Segundo a mineradora, a análise de oportunidades de investimento faz parte da rotina da companhia e segue critérios técnicos, econômicos e financeiros, além das regras internas de governança corporativa. A empresa também afirmou que permanece em tratativas com órgãos federais para avançar nas discussões sobre as concessões ferroviárias.
“A Companhia avaliou a oportunidade e não aprovou qualquer investimento relacionado à empresa Bahia Mineração S.A. – Bamin”, informou a Vale em comunicado.
Investimento na Bamin
De acordo com a Vale, a avaliação de ativos com potencial aderência às prioridades estratégicas da empresa ocorre regularmente. A companhia destacou que eventuais decisões de alocação de capital passam por um processo rigoroso de análise antes de serem submetidas às instâncias competentes.
A manifestação ocorre em meio a especulações sobre uma possível participação da mineradora em projetos ligados à Bamin. A empresa, no entanto, afirmou que nenhuma operação nesse sentido foi aprovada.
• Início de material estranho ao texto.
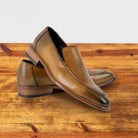 A Pair of Spice leather loafer on a wooden surface with a light gray background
Negociações sobre concessões seguem em andamento
A Vale também informou que continuam as negociações com o Ministério dos Transportes, a Agência Nacional de Transportes Terrestres (ANTT) e a Infra S.A. para a otimização dos contratos de concessão das ferrovias EFC e EFVM.
Segundo a companhia, as discussões seguem as diretrizes estabelecidas no acordo firmado em 30 de dezembro de 2024, especialmente em relação à definição da base de ativos e à execução de obras de infraestrutura.
“A Vale reafirma seu compromisso com as diretrizes e bases gerais para a otimização dos contratos de concessão ferroviária”, afirmou a empresa.
Ainda de acordo com a mineradora, todas as obrigações previstas nos contratos de concessão estão sendo cumpridas. A expectativa é que a conclusão do processo, após eventual aprovação pelo Tribunal de Contas da União (TCU), traga maior previsibilidade e segurança jurídica para os investimentos e compromissos relacionados às duas ferrovias.
A companhia informou ainda que continuará comunicando ao mercado eventuais fatos relevantes relacionados aos seus negócios.